Pictures with short captions:
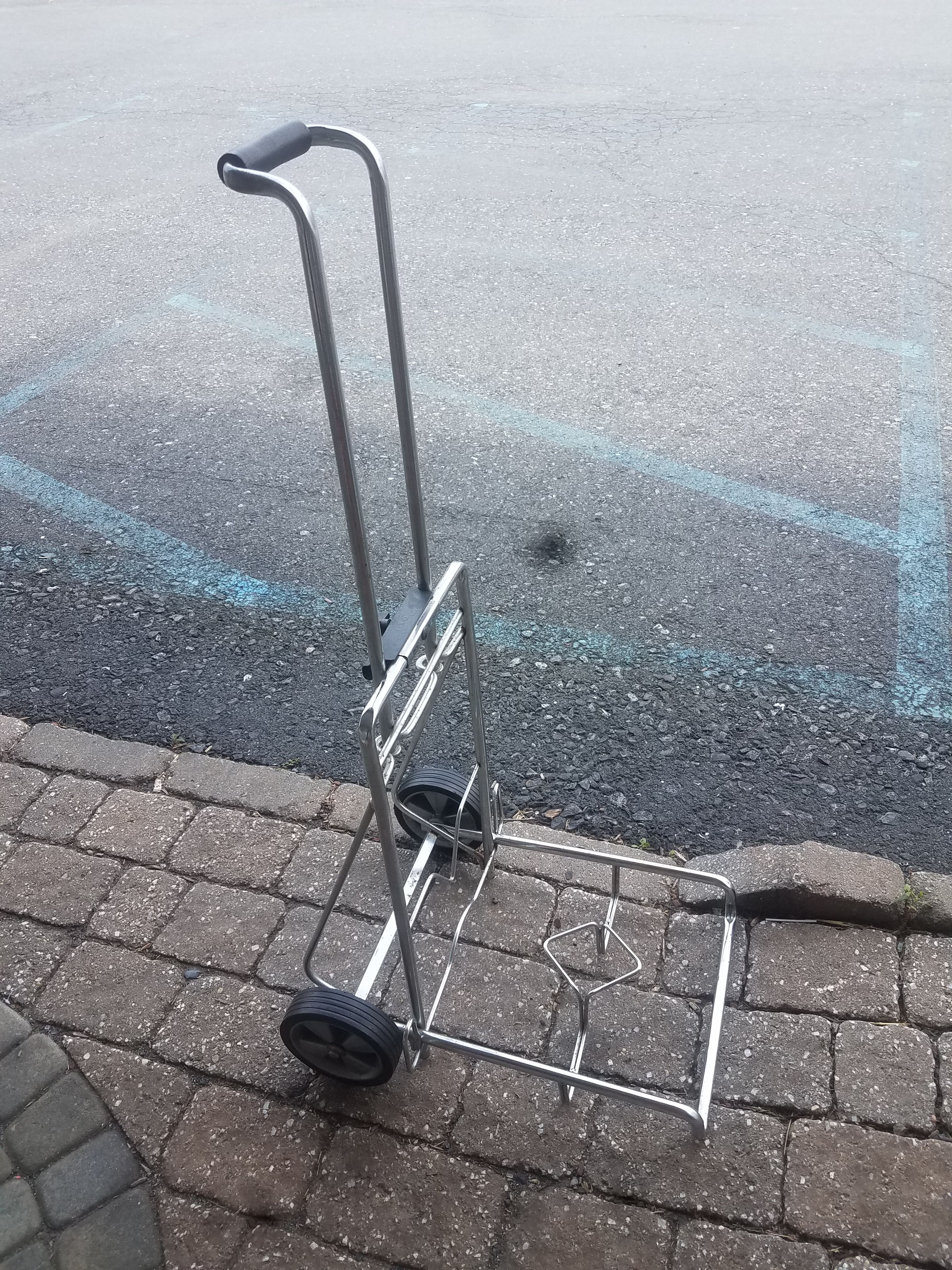 Luggage carrier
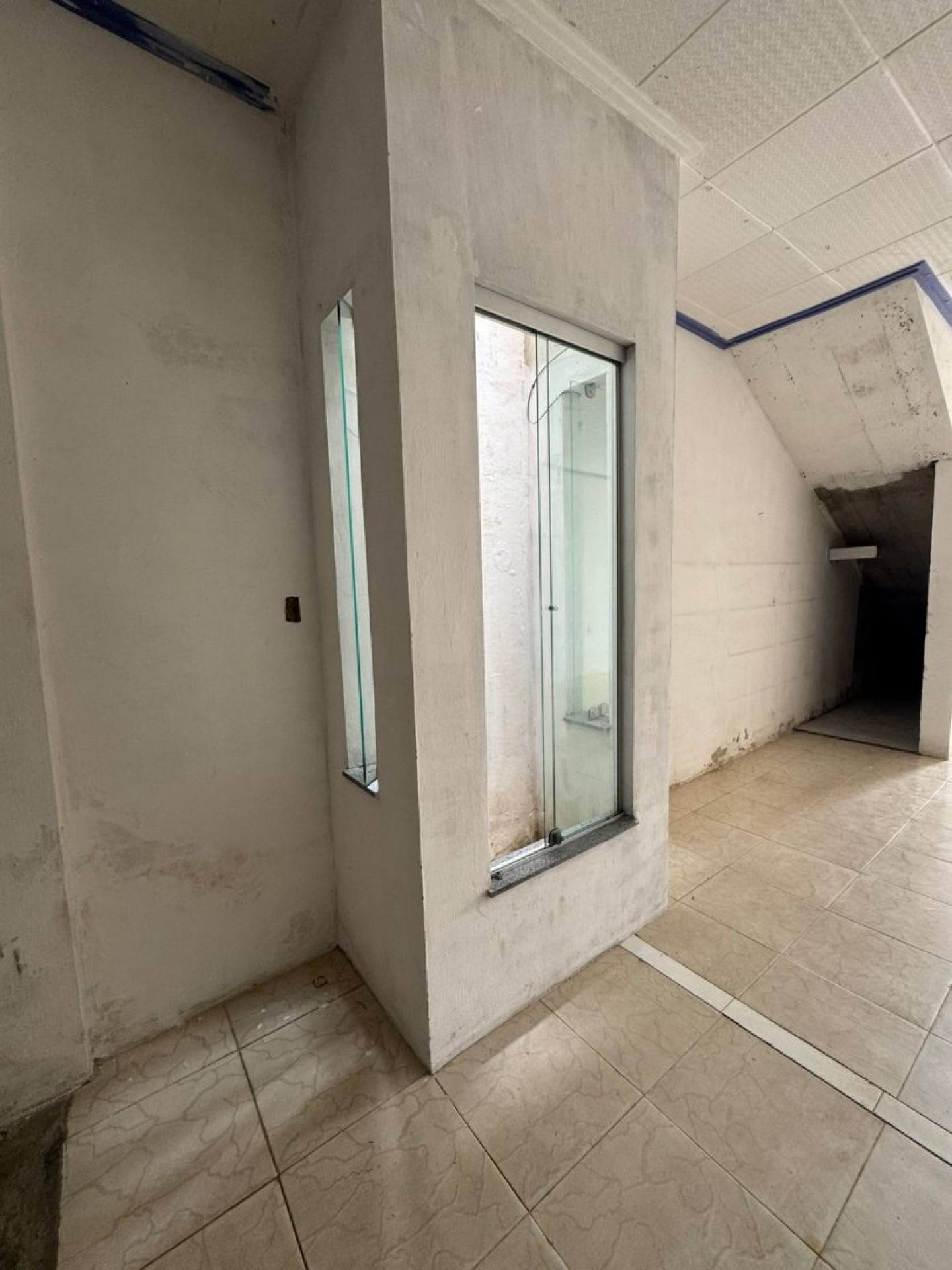 Aluga-se Galpão no Mamede Paes Mendonça - Itabaiana/SE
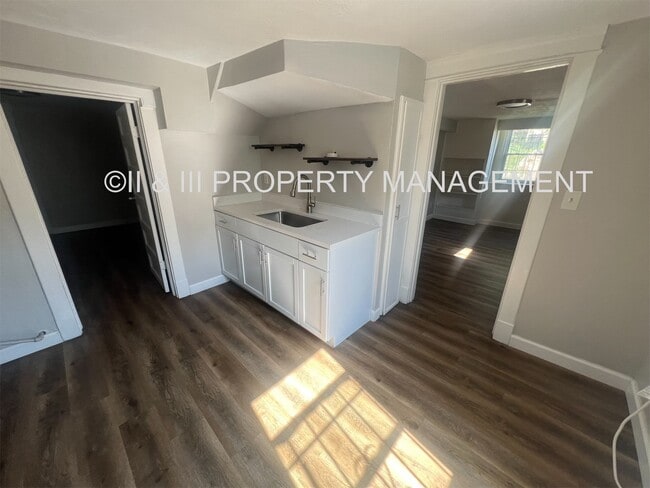 Building Photo - 215-217 W 37th St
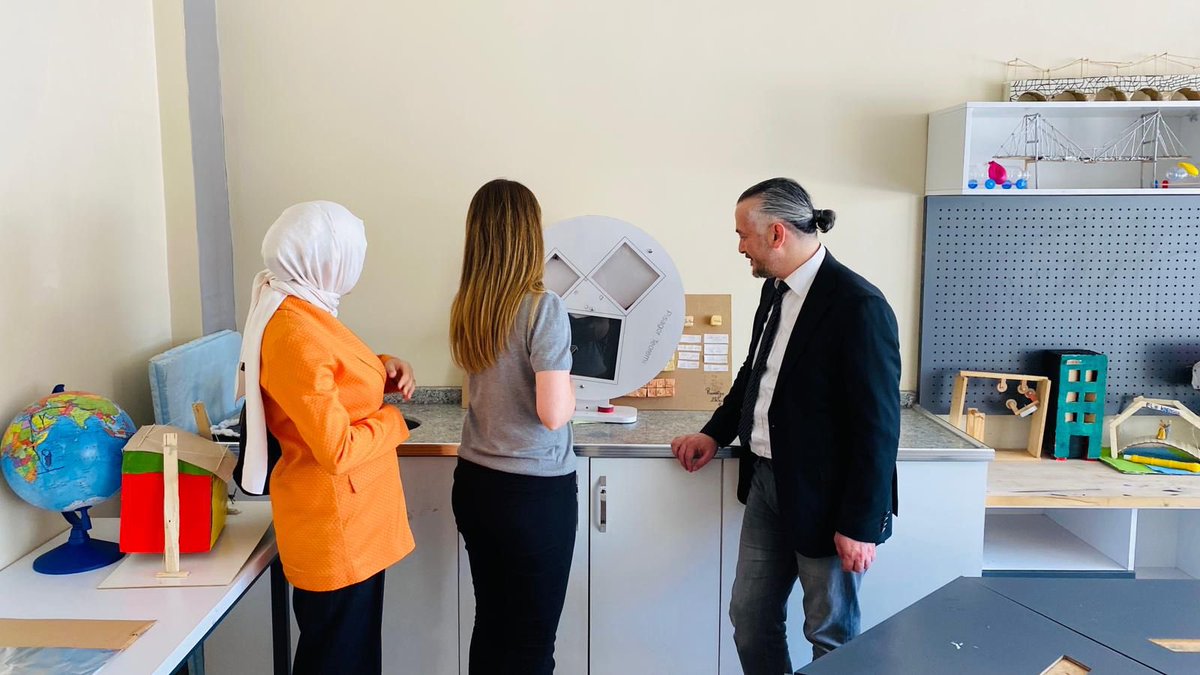 nurizekiyehas's tweet photo. Milli Eğitim Bakanlığı Eğitim Teknolojileri Geliştirme ve Projeler Daire Başkanlığı proje uzmanlarımız okulumuzu ziyaret ettiler. Kendilerine okulumuzda yürütülen projeler hakkında bilgi verdik.
#novigado
#meb
@mebyegitek
@Murat4Kucukali
@ibrahim_uck
@zngnrcp
@suhedacylnnn https://t.co/OqjjBGR3oa
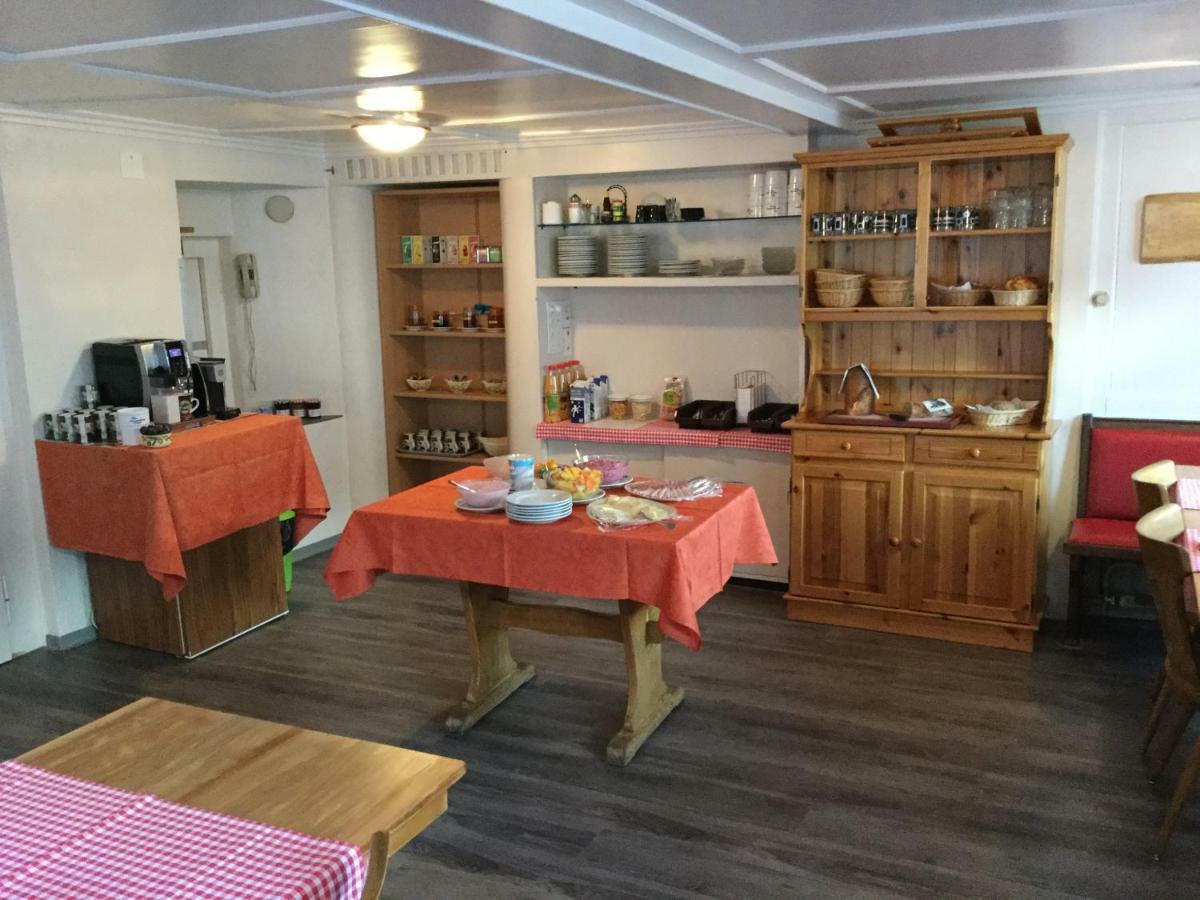 Hotel Restaurant Raben Linthal Екстер'єр фото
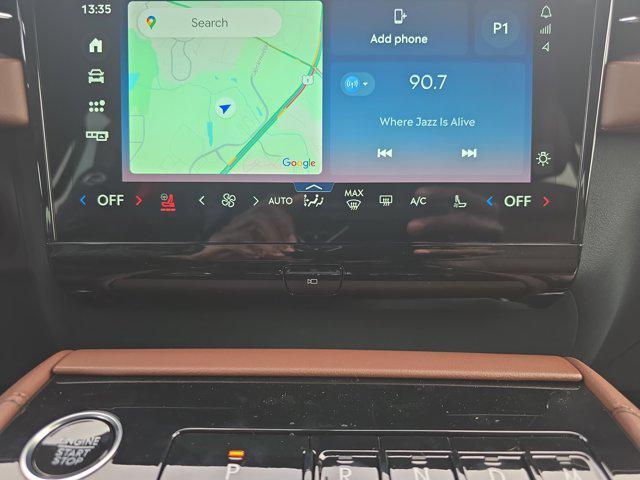 new 2025 Lincoln Navigator car, priced at $103,925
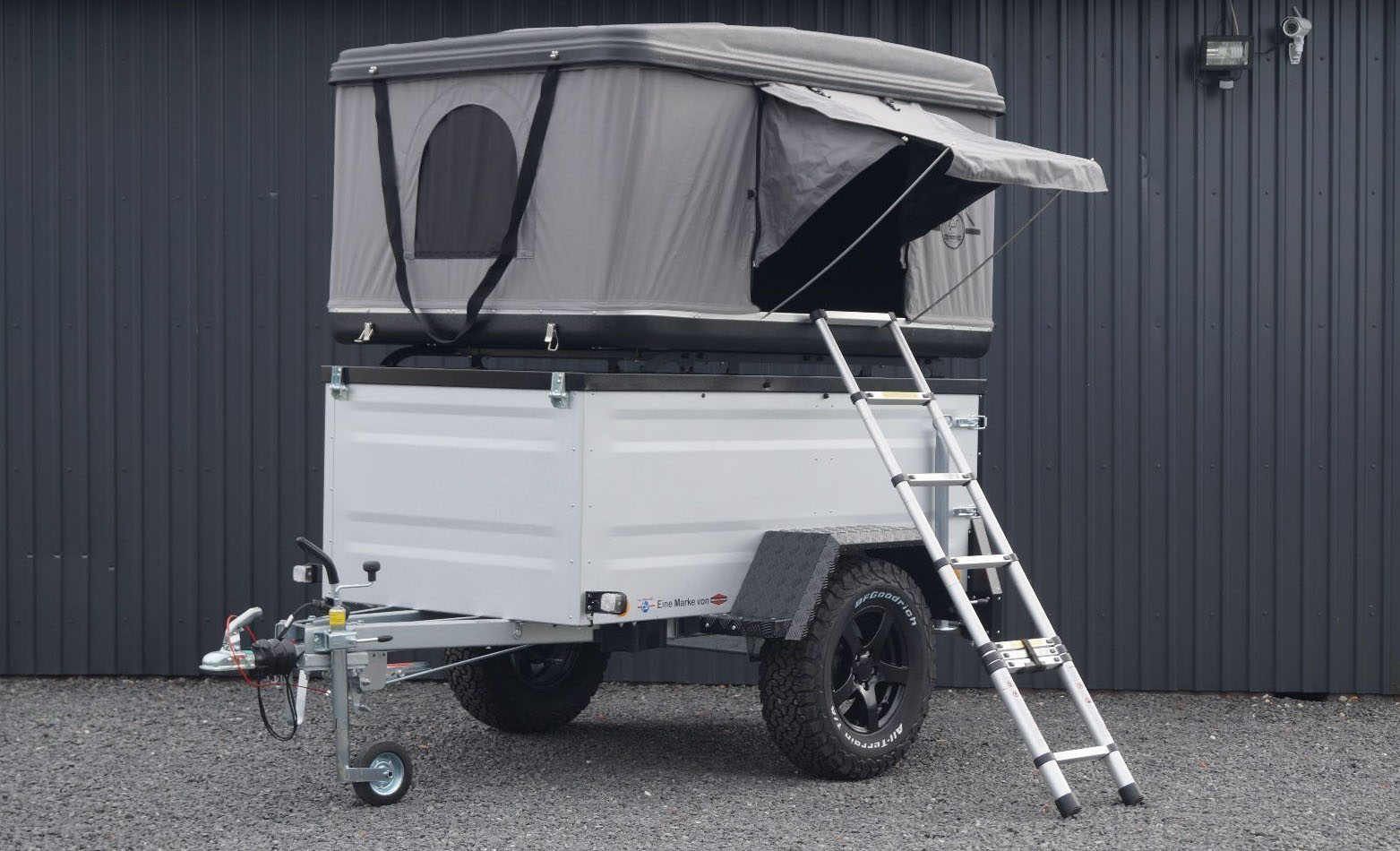 Campingový Přívěs OFFROAD Bržděný 1000Kg + STAN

▸ Goal of the exercise
An exact transcription is needed, covering the line with "Building Photo - 215-217 W 37th St" and every line after it to the end of the entries, but not the pictures.

▸ Answer for the task
 Building Photo - 215-217 W 37th St
 nurizekiyehas's tweet photo. Milli Eğitim Bakanlığı Eğitim Teknolojileri Geliştirme ve Projeler Daire Başkanlığı proje uzmanlarımız okulumuzu ziyaret ettiler. Kendilerine okulumuzda yürütülen projeler hakkında bilgi verdik.
#novigado
#meb
@mebyegitek
@Murat4Kucukali
@ibrahim_uck
@zngnrcp
@suhedacylnnn https://t.co/OqjjBGR3oa
 Hotel Restaurant Raben Linthal Екстер'єр фото
 new 2025 Lincoln Navigator car, priced at $103,925
 Campingový Přívěs OFFROAD Bržděný 1000Kg + STAN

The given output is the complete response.